Para dar à minha dama,
para dar ao meu amor
…abaixa-te, ó laranjeira,
só te quero uma felor!
___
NOTA – A flor da laranjeira é um dos principais símbolos da virgindade antes do casamento.
Ver mais símbolos das canções tradicionais populares no GRANDE CANCIONEIRO DO ALTO DOURO – Vol I (Introdução) e Vol III SIMBOLOGIAS.
Formalmente o poema apresenta algumas das características medievais da época galego-portuguesa: paralelismo semântico e fónico, leixa-pren, dobre…

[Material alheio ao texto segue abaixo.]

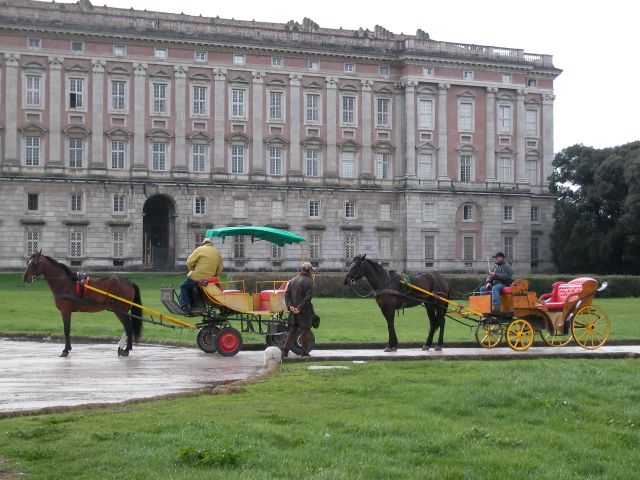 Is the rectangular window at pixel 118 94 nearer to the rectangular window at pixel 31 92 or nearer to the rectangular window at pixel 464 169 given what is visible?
the rectangular window at pixel 31 92

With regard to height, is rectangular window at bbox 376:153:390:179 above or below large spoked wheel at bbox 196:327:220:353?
above

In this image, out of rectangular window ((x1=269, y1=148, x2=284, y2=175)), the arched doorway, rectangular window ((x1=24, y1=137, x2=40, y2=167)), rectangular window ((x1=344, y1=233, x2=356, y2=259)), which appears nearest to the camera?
rectangular window ((x1=24, y1=137, x2=40, y2=167))

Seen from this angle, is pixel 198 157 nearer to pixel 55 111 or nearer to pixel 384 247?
pixel 55 111

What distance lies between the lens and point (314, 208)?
3322 inches

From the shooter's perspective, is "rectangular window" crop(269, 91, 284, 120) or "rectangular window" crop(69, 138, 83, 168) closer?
"rectangular window" crop(69, 138, 83, 168)

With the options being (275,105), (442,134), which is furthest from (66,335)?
(442,134)

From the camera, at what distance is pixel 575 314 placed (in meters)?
25.5

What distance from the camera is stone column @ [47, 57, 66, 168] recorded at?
77.1m

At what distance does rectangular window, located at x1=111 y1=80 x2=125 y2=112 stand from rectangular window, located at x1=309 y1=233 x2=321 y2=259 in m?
18.0

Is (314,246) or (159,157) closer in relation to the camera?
(159,157)

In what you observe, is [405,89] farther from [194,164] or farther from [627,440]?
[627,440]

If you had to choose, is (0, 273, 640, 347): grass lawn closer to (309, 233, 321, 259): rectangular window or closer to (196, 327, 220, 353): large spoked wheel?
(196, 327, 220, 353): large spoked wheel

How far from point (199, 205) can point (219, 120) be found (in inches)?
270

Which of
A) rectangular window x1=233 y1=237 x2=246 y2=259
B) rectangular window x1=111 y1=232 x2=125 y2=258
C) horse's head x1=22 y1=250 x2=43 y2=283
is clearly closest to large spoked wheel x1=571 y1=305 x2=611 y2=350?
horse's head x1=22 y1=250 x2=43 y2=283
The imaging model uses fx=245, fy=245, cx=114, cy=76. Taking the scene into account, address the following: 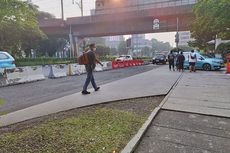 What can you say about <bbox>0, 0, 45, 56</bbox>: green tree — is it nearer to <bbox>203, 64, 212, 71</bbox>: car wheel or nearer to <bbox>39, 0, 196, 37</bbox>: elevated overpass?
<bbox>39, 0, 196, 37</bbox>: elevated overpass

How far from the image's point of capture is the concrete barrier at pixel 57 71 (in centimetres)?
1811

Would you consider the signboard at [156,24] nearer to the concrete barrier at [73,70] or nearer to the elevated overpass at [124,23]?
the elevated overpass at [124,23]

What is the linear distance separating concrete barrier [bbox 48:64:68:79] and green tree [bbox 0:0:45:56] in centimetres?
1381

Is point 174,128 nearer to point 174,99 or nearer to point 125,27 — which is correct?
point 174,99

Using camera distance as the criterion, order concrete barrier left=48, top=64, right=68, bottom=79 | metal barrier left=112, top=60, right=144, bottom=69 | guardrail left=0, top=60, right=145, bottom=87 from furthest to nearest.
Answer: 1. metal barrier left=112, top=60, right=144, bottom=69
2. concrete barrier left=48, top=64, right=68, bottom=79
3. guardrail left=0, top=60, right=145, bottom=87

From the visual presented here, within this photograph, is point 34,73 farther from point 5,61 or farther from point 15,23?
point 15,23

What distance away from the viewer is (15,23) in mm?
34188

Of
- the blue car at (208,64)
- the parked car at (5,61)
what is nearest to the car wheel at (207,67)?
the blue car at (208,64)

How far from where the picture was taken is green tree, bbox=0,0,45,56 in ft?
95.8

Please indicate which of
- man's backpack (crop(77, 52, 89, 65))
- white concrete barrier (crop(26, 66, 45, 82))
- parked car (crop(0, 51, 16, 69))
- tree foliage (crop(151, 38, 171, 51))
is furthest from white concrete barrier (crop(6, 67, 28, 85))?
tree foliage (crop(151, 38, 171, 51))

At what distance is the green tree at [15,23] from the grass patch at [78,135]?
88.1ft

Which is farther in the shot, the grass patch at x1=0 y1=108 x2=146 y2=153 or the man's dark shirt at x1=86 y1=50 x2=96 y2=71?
the man's dark shirt at x1=86 y1=50 x2=96 y2=71

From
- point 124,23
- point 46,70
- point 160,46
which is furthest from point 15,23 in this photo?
point 160,46

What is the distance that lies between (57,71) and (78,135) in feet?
48.3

_________________________________

As Segadeiras  (GCAD Vol II – pg 1131)  [Rec e Harm Altino M Cardoso]

AS SEGADEIRAS

As segadeiras, lá vão, lá vão,
todas contentes com seu patrão,
o seu patrão de trás da serra
e as segadeiras da nossa terra.

_______________

NOTA – Assim como havia um rogador para angariar pessoal para as vindimas, também as segadas (na Terra Quente do Nordeste Trasmontano) precisavam de abundante mão-de-obra no pino do Verão, por coincidência quando as vinhas estavam tratadas (com sulfato e enxofre) e o trabalho escasseava no Douro até à vindima. 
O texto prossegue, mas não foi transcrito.